India, Australia ink trade pact, Modi calls it \'historic moment\'

Tariffs on goods of both countries to be removed or reduced

New Delhi: India and its Quad partner Australia inked a historic Free Trade Agreement (FTA) on Saturday called the “India-Australia Economic Cooperation and Trade Agreement" (ECTA) that was signed by commerce and industry minister Piyush Goyal and Australian trade minister Dan Tehan at a virtual ceremony in the presence of Prime Minister Narendra Modi and his Australian counterpart Scott Morrison. The ECTA will eliminate or reduce tariffs on goods of either country entering the other, making them cheaper and therefore much more competitively priced.

PM Modi said, "This is a watershed moment for our bilateral relations. On the basis of this agreement, together, we will be able to increase the resilience of supply chains, and also contribute to the stability of the Indo-Pacific region... This agreement will facilitate the exchange of students, professionals, and tourists between us, which will further strengthen these relations.”

In a statement, New Delhi said, “The IndAus ECTA, encompassing trade in goods and services, is a balanced and equitable trade agreement which will further cement the already deep, close and strategic relations between the two countries and will significantly enhance the bilateral trade in goods and services, create new employment opportunities, raise living standards and improve the general welfare of the peoples of the two countries.”

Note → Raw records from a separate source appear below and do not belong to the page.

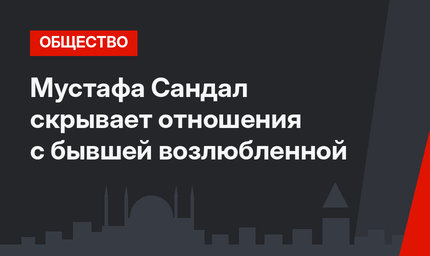 Мустафа Сандал скрывает отношения с бывшей возлюбленной
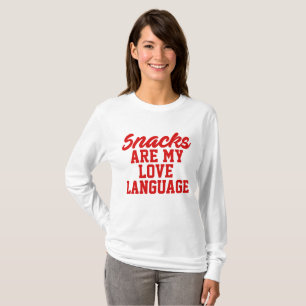 Snacks Are My Love Language T-Shirt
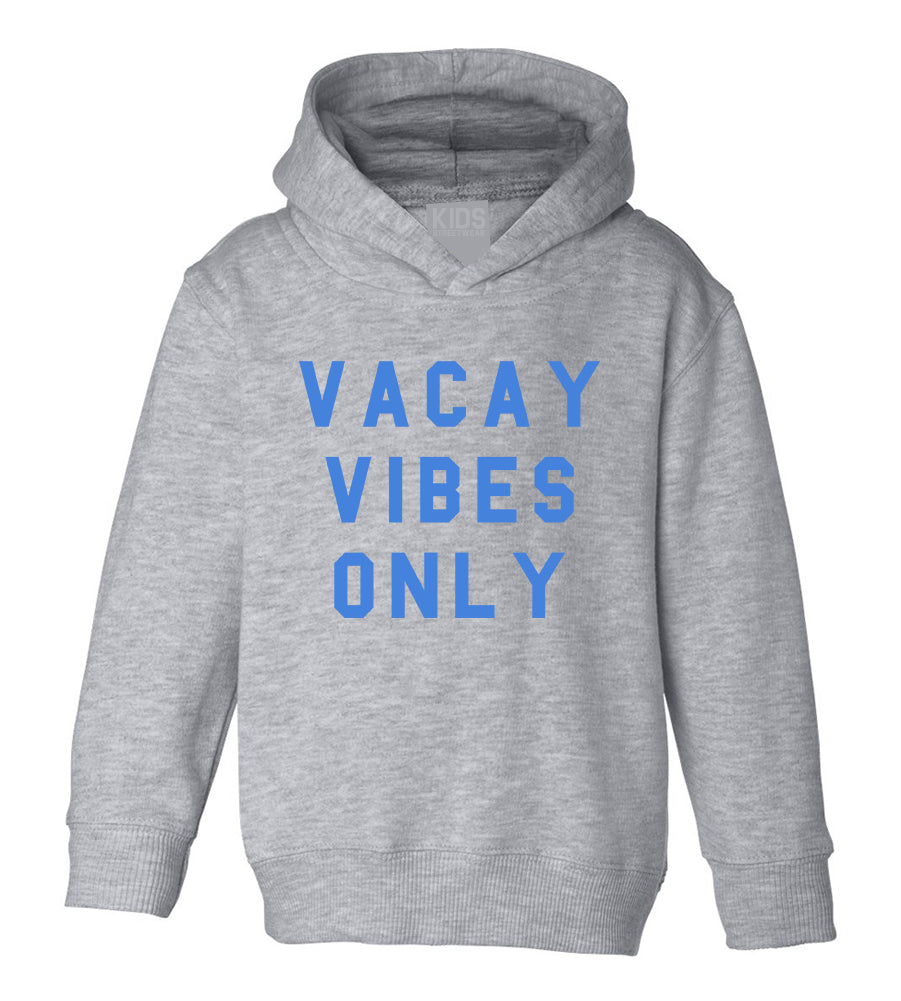 Vacay Vibes Only Toddler Boys Pullover Hoodie Grey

In a statement, Australia said that the pact would make “Australian exports to India cheaper”, including sheep-meat and Australian wine and “96 per cent of Indian goods imports entering Australia duty-free”. Australia said “tariffs will be eliminated on more than 85 per cent of Australian goods exports to India (valued at more than $12.6 billion a year), rising to almost 91 per cent (valued at $13.4 billion) over 10 years.”

Australia said, “Sheep meat tariffs of 30 per cent will be eliminated... providing a boost for Australian exports that already command nearly 20 per cent of India’s market. Wool will have the current 2.5 per cent tariffs eliminated on entry into force, supporting Australia’s second-largest market for wool products. Tariffs on wine with a minimum import price of $5 per bottle will be reduced from 150 per cent to 100 per cent on entry into force and subsequently to 50 per cent over 10 years. Tariffs on wine bottles with a minimum import price of $15 will be reduced from 150 per cent to 75 per cent on entry into force and subsequently to 25 per cent over 10 years. Tariffs up to 30 per cent on avocados, onions, broad, kidney and adzuki beans, cherries, shelled pistachios, macadamias, cashews in-shell, blueberries, raspberries, blackberries, currants will be eliminated over seven years. Tariffs on almonds, lentils, oranges, mandarins, pears, apricots and strawberries will be reduced, improving opportunities for Australia’s horticulture industry to supply India’s growing food demand.”